--- Try it ---
Copy the entries below word for word, but omit any pictures they contain.

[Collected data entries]
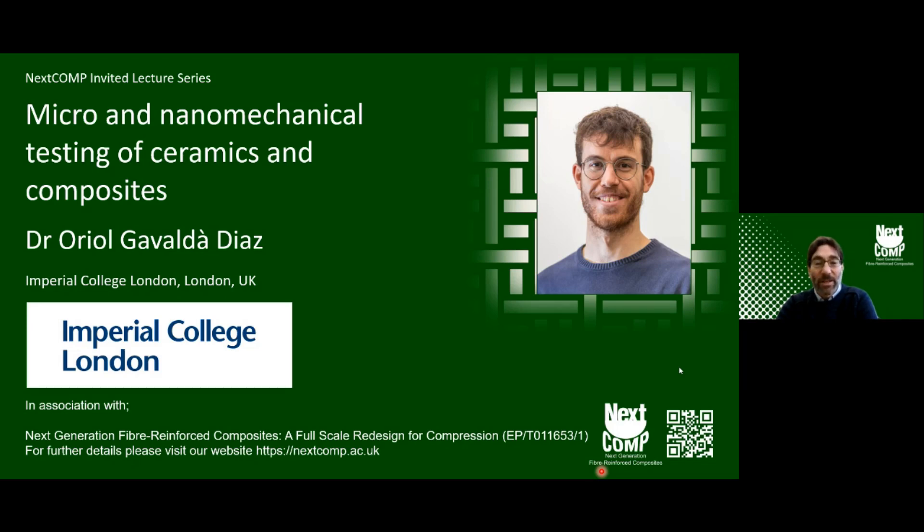Good morning and welcome to this NextComp seminar series. Welcome to those online — we were meant to be in person but Ariel caught COVID so we're now fully online. NextComp is a UK programme grant exploring the next generation of composites for compression, interested in material development and how we characterize materials at the micro scale and link that to macro scale responses of composite materials.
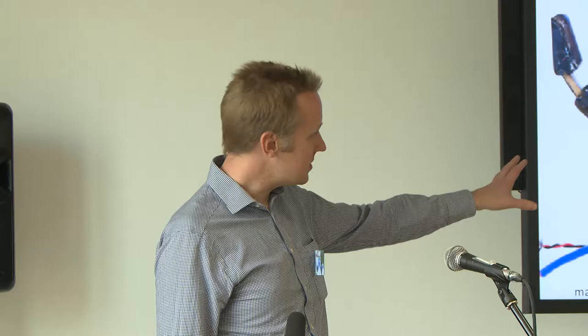Thank you for the kind introduction and for inviting me. My name is Matthew Howard, and I'm from King's. The work I'm talking about today is sponsored by the EPSRC, the AHDB, and also Vitacress, and I have representatives of Vitacress here as well.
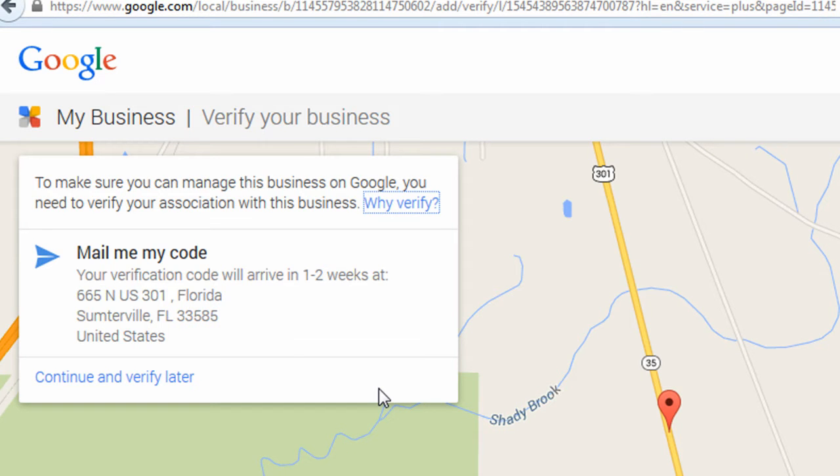At this point, Google is going to take some steps to verify your business. One of the ways they do that is by mailing a postcard to the address you entered with a verification code that you'll enter later. If you entered a phone number, you can also verify by phone. The only option they're giving me here is to mail the code, but if I click Continue and verify later, I can probably find the phone option.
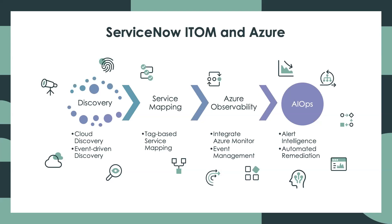Next, we'll get into observability for Azure, including how to integrate with Azure Monitor, and what happens to those issues as they enter the ServiceNow ecosystem. And finally, we'll take a look at AIOps on the Now platform and how we can reduce or even prevent outages and degradation with intelligent alert response and automated remediation.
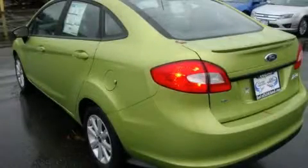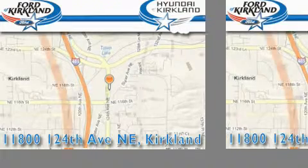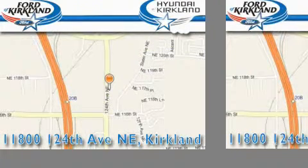Please call today to reserve this vehicle for a test drive. Ford and Hyundai of Kirkland is located at 11800 124th Northeast in Kirkland. Our goal is to exceed all of your expectations to ensure that you'll return for future visits.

--- Written solution ---
Good morning and welcome to this NextComp seminar series. Welcome to those online — we were meant to be in person but Ariel caught COVID so we're now fully online. NextComp is a UK programme grant exploring the next generation of composites for compression, interested in material development and how we characterize materials at the micro scale and link that to macro scale responses of composite materials.
Thank you for the kind introduction and for inviting me. My name is Matthew Howard, and I'm from King's. The work I'm talking about today is sponsored by the EPSRC, the AHDB, and also Vitacress, and I have representatives of Vitacress here as well.
At this point, Google is going to take some steps to verify your business. One of the ways they do that is by mailing a postcard to the address you entered with a verification code that you'll enter later. If you entered a phone number, you can also verify by phone. The only option they're giving me here is to mail the code, but if I click Continue and verify later, I can probably find the phone option.
Next, we'll get into observability for Azure, including how to integrate with Azure Monitor, and what happens to those issues as they enter the ServiceNow ecosystem. And finally, we'll take a look at AIOps on the Now platform and how we can reduce or even prevent outages and degradation with intelligent alert response and automated remediation.
Please call today to reserve this vehicle for a test drive. Ford and Hyundai of Kirkland is located at 11800 124th Northeast in Kirkland. Our goal is to exceed all of your expectations to ensure that you'll return for future visits.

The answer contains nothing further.